Open Journal of Ecology
Vol.3 No.7(2013), Article ID:40012,5 pages DOI:10.4236/oje.2013.37053

Spatial distribution of Coleoptera (Insecta) in the valley forests of the Ussuri Nature Reserve (South Primorye, Russia)

Alexander V. Kuprin*, Victorya A. Kharchenko

Ussuri Nature Reserve, Far East Branch, Russian Academy of Sciences, Ussuriysk, Russia; *Corresponding Author: kyprins@mail.ru

Copyright © 2013 Alexander V. Kuprin, Victorya A. Kharchenko. This is an open access article distributed under the Creative Commons Attribution License, which permits unrestricted use, distribution, and reproduction in any medium, provided the originnal work is properly cited.

Received 1 October 2013; revised 1 November 2013; accepted 8 November 2013

Keywords: Coleoptera; Imago; Spatial Distribution; Ussuri Nature Reserve; South Primorye; Russia

ABSTRACT

Five habitat types have been studied in the valley forests of the Ussuri Nature Reserve. The cluster analysis was used to distinguish two types of clusters.

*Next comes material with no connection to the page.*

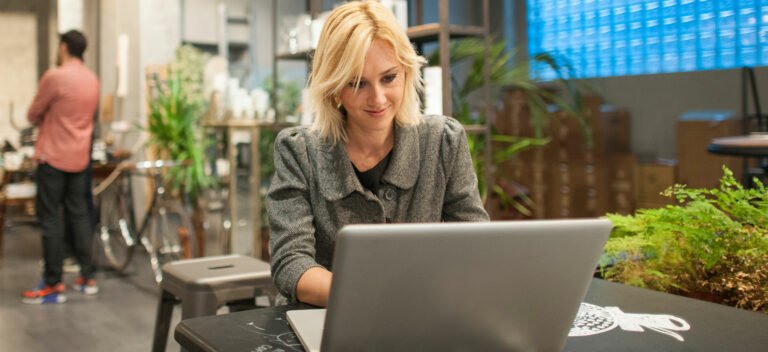 Fast Business Loans – Your Guide to Quick Business Finance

The first one combines the anthropogenically modified forest plot, the margin, and the plot of a typical valley broad-leaved tree, while the second one combines the oak forest and the coniferous and broad-leaved valley forest. The greatest number of volant Coleoptera species were observed at the margin of the broad-leaved forest.

1. INTRODUCTION

Coleoptera (Insecta) is one of the most numerous and ecologically versatile insect orders. The beetles can be found in almost all geographical zones and inhabit most terrestrial ecosystems. Large beetle populations, occurrence in different habitats, and sensitivity to alterations in the environmental situation allow one to use them as a model group to study the structures of communities inhabiting the disturbed and control areas. Herpetobiont Coleoptera, which can actively move over the soil surface, is currently studied in Primorsky Krai. Special attention is paid to the seasonal structural aspects of terrestrial Coleoptera populations in cedar-broad-leaved forests on the western macroslope of the Sikhote-Alin mountain range [1,2]. The population of volant Coleoptera in Russian Far East has not been studied previously, although this type of research has been carried out for some areas [3-11]. It is of special interest to study the population of volant Coleoptera in natural ecosystems that had not been subjected to anthropogenic impact (forests of the Ussuri Nature Reserve).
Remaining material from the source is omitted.